What I think it comes down to is having to get our heads around the idea that there will be many different kinds of income streams around one piece of music. It’s no different than looking at a retail program 20 years ago.

E-Commerce Times: How will all the various legal issues play out, such as the Recording Industry Association of America’s (RIAA’s) decision to sue consumers for file-sharing?


That’s a poor move — you do not get compassion from your audience by suing them, especially when you’re suing the ones who don’t have the means and putting them in dire economic straits. I believe copyright and enforcement is the onus of the owner. Each artist needs to be responsible for their own work.

The RIAA is fighting a losing battle — this is not where their efforts and energies are best spent. A better focus would be on determining how to quickly monetize these new platforms. Content will always have value. I think the key is to make it ubiquitous and available everywhere. If I could spend (US)$5 or $10 a month, whether through my phone provider or cable provider or whoever — and get access to most of the music known from anywhere I happen to be, whether it’s my home, my car or a hotel room — then I’d have no reason to take something without paying.

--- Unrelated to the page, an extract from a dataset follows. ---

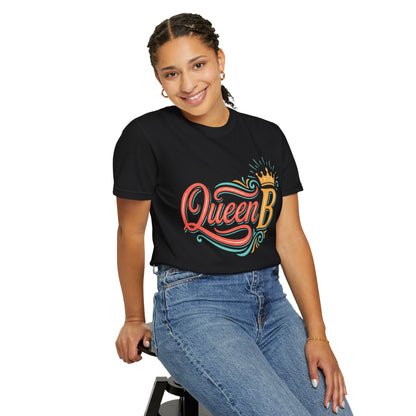 Queen B T-Shirt — Colorful Script Graphic Tee with Crown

Ubiquity is what’s missing. If we had that, then people don’t need to own music — they don’t need those files clogging up their hard drives. With ubiquity of music, the emotional concept of ownership will go away. Content owners will still have opportunities through licensing, sponsorship and other monetizing possibilities, and I think more people will opt in than buy records on a yearly basis now, creating a larger gross revenue. We’re not there yet, but I think that’s where things should end up.